The CHI value (CHI square value) is used to measure the difference between the actual value and the theoretical value. In order to avoid the deviation between different observed values and different expectations, it is divided by T, so it is divided by E to eliminate this disadvantage.

The absolute size of the deviation between the actual value and the theoretical value (the difference is magnified by the presence of squares)
The relative size of the difference and the theoretical value

2) Implementation process

The higher the CHI value is, the less likely the two variables are to be independent. In other words, the higher the CHI value is, the higher the correlation degree of the two variables is.
A. For characteristic variables x1,x2... ,xn, and the classification variable y. Just compute CHI(x1,y), CHI(x2,y),... , CHI(xn,y), and sort the features according to the value of CHI from large to small.
B. Select an appropriate threshold. Features larger than the threshold are retained, and features smaller than the threshold are deleted. A subset of features screened out in this way is the feature of input model training.

3) It can only be used for the screening of discrete features in classification problems, but not for the screening of continuous features in classification problems, nor for the feature screening of regression problems.

Realistic approach:

Sklearn. Feature_selection. SelectKBest:
Returns k best features

Sklearn. Feature_selection.
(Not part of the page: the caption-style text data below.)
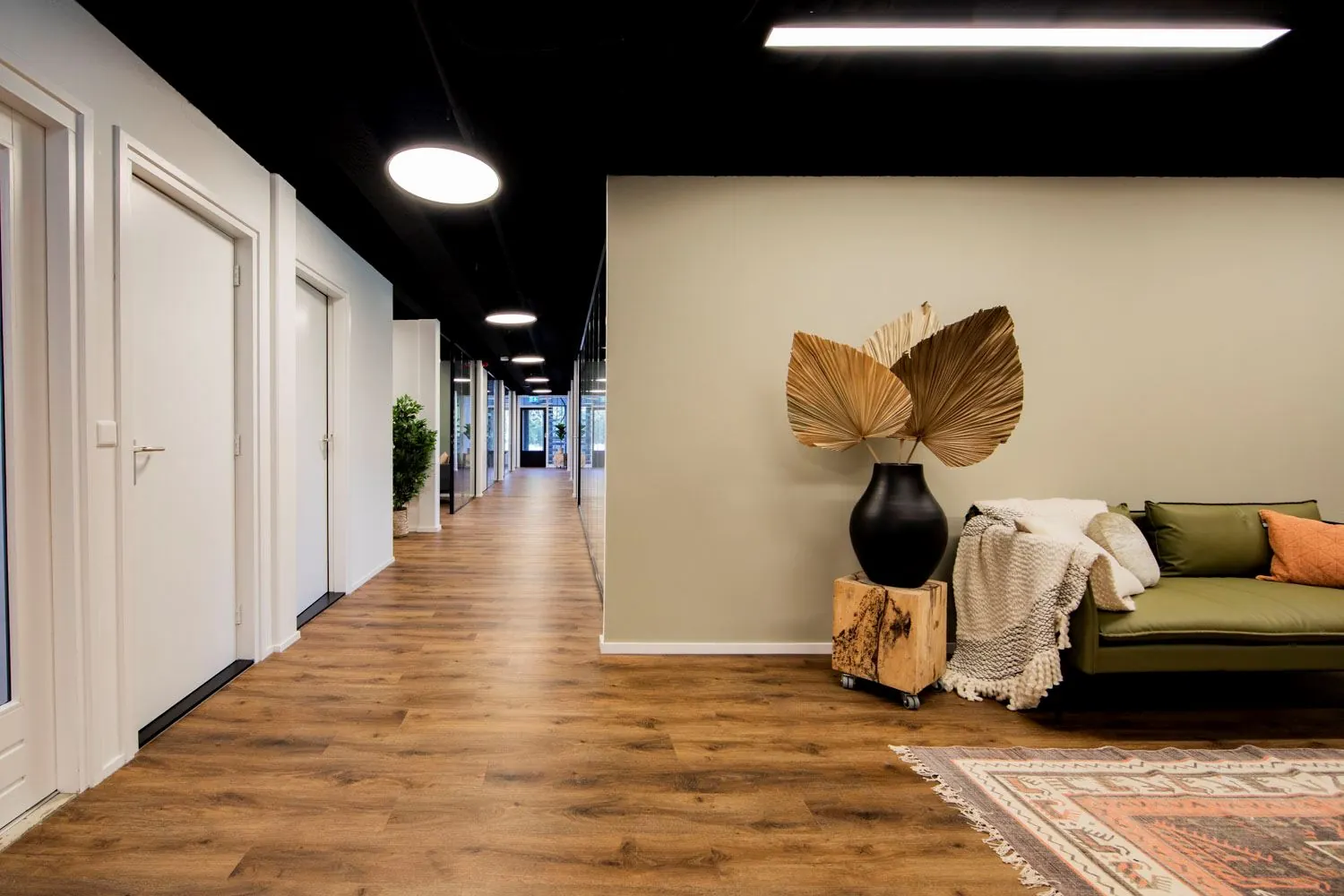 Moderne en sfeervolle kantoorruimte aan de Pelmolenlaan 16 in Woerden met houten vloer, strakke inrichting en comfortabele loungehoek.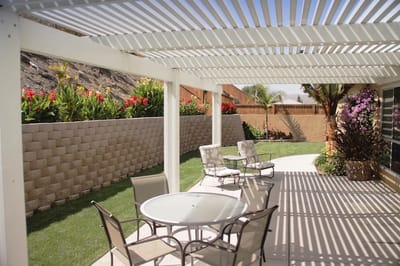 Patio area with seating and lush landscaping
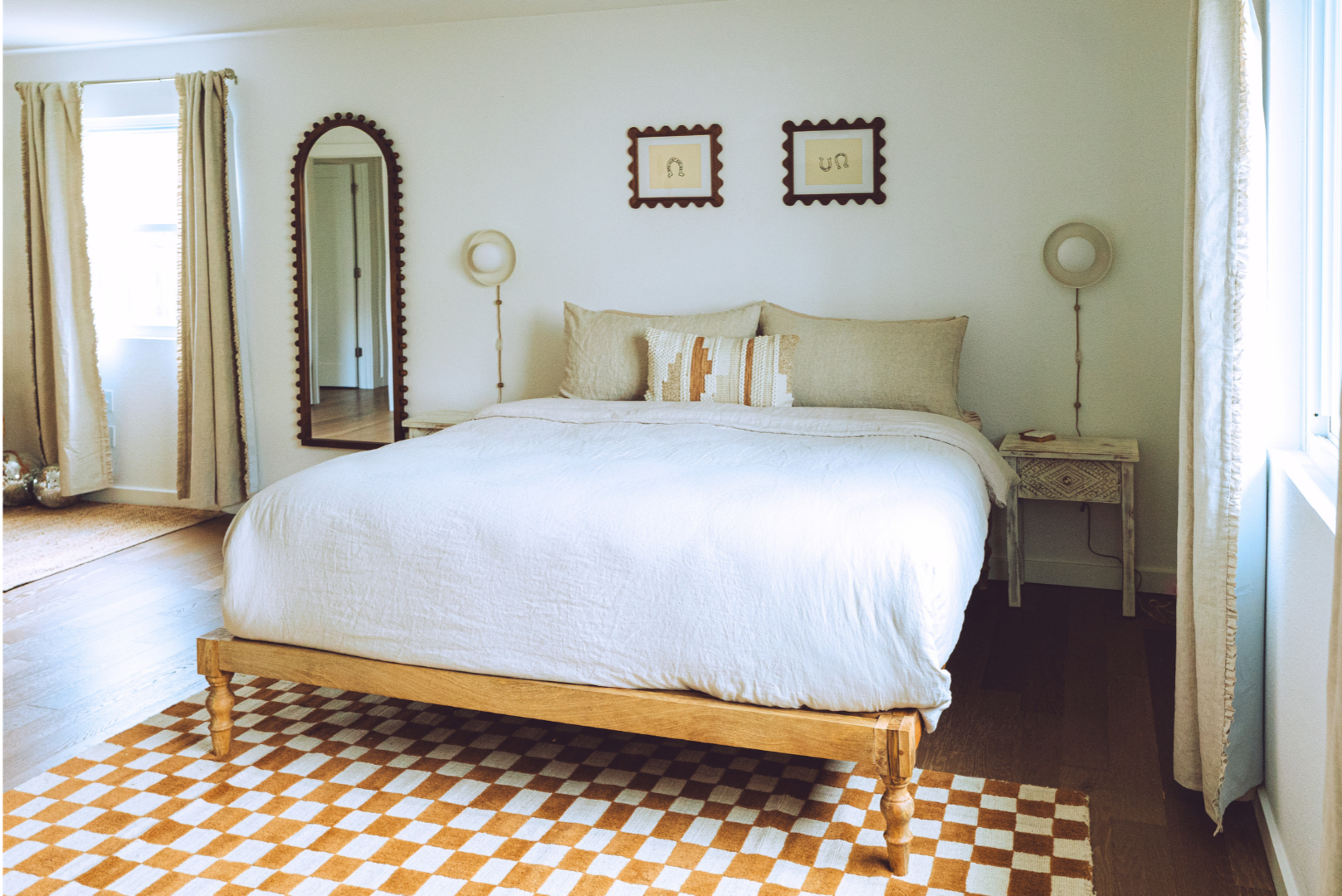 A bedroom with a white bed, beige pillows, and a patterned throw pillow. Nightstands with wall-mounted lamps on each side. A mirror and two framed artworks above the bed. Windows with beige curtains and a checkered orange and white rug.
SelectPercentile:
Returns the top r% of the best performing characteristics

#### 6. Summary

- The method of removing the features with small value changes is generally used as a pre-processing work before feature selection, that is, removing the features with small value changes first, and then using other feature selection methods to select the features. If the machine has sufficient resources and you want to retain as much information as possible, you can set the threshold high or filter only discrete features with only one value.

- Univariate feature selection can be used to understand data, data structure, characteristics, or to exclude irrelevant features, but it cannot find redundant features.

- The feature method with small value change and the single variable feature selection method belong to the filtering class feature selection method, but the learning algorithm cannot transmit the feature requirement to the feature search algorithm.